John 1:51Truly, truly, I say to you, you will see heaven opened, and the angels of God ascending and descending on the Son of Man.
This is Jacob's dream (Genesis 28) — the ladder set on the earth with its top reaching heaven and the angels of God going up and down on it. Jacob woke and said, "This is the house of God, and this is the gate of heaven." Jesus takes that image and puts himself in the place of the ladder. He is the meeting point of heaven and earth, the gate where God's traffic moves between the two worlds — and he names himself "the Son of Man," the figure in Daniel 7 who comes on the clouds and receives an everlasting kingdom. The chapter that opened with the Word pitching his tent among us (verse 14) now closes with Jesus as the true house of God, the place where God and humanity meet. Look back at the titles the chapter has stacked up — the Word, the Light, the only God, the Lamb of God, Rabbi, Messiah, Son of God, King of Israel, Son of Man. Every one is true; not one is sufficient by itself; and Jesus answers the whole pile of them with a promise of "greater things than these."
Take with you
The doctrine the church drew out of John 1 is not an overlay imposed on a simpler text. It is the plain pressure of the chapter itself. Jesus existed before creation and is fully God, yet distinct from the Father — that is the seed of Nicaea. He became flesh, with no reservation and no pretending — that is the incarnation the early church refused to soften. He pitched his tent among us and let us see the glory that once filled the tabernacle. He made the invisible God known not by handing over information but by being a face we could look at. And the African fathers who guarded these claims drew from them the most daring conclusion in all of theology: the Word became one of us so that we might be lifted into the very life of God.

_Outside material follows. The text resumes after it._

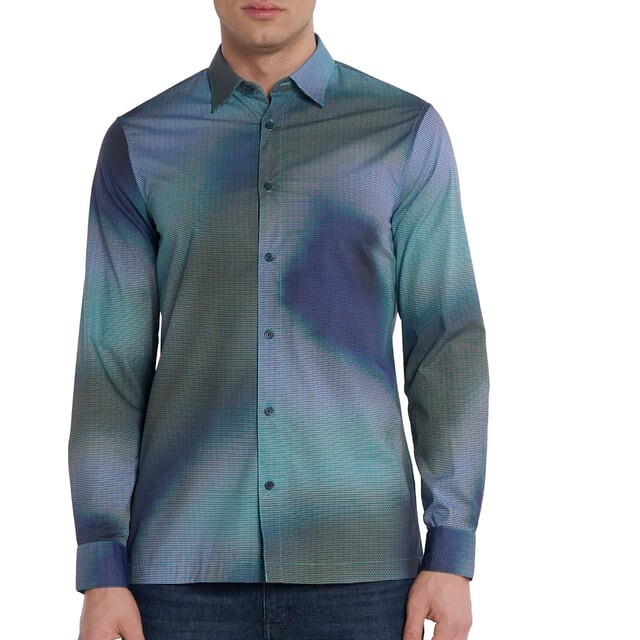 

Рубашка Армани Обмен Armani Exchange, синий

Hold, finally, the shape of the chapter. It begins in eternity and ends in a field outside Nazareth; it begins with the Word who was God and ends with the Son of Man who is the gate of heaven. That whole vast descent — from before the beginning to four o'clock on an ordinary afternoon — is the movement Lamin Sanneh called translation: God rendered, without loss, into the language of a human life, so that he could then be received in every language after. That is the claim John makes before he has narrated a single miracle. Everything else in the Gospel is the unfolding of this first chapter.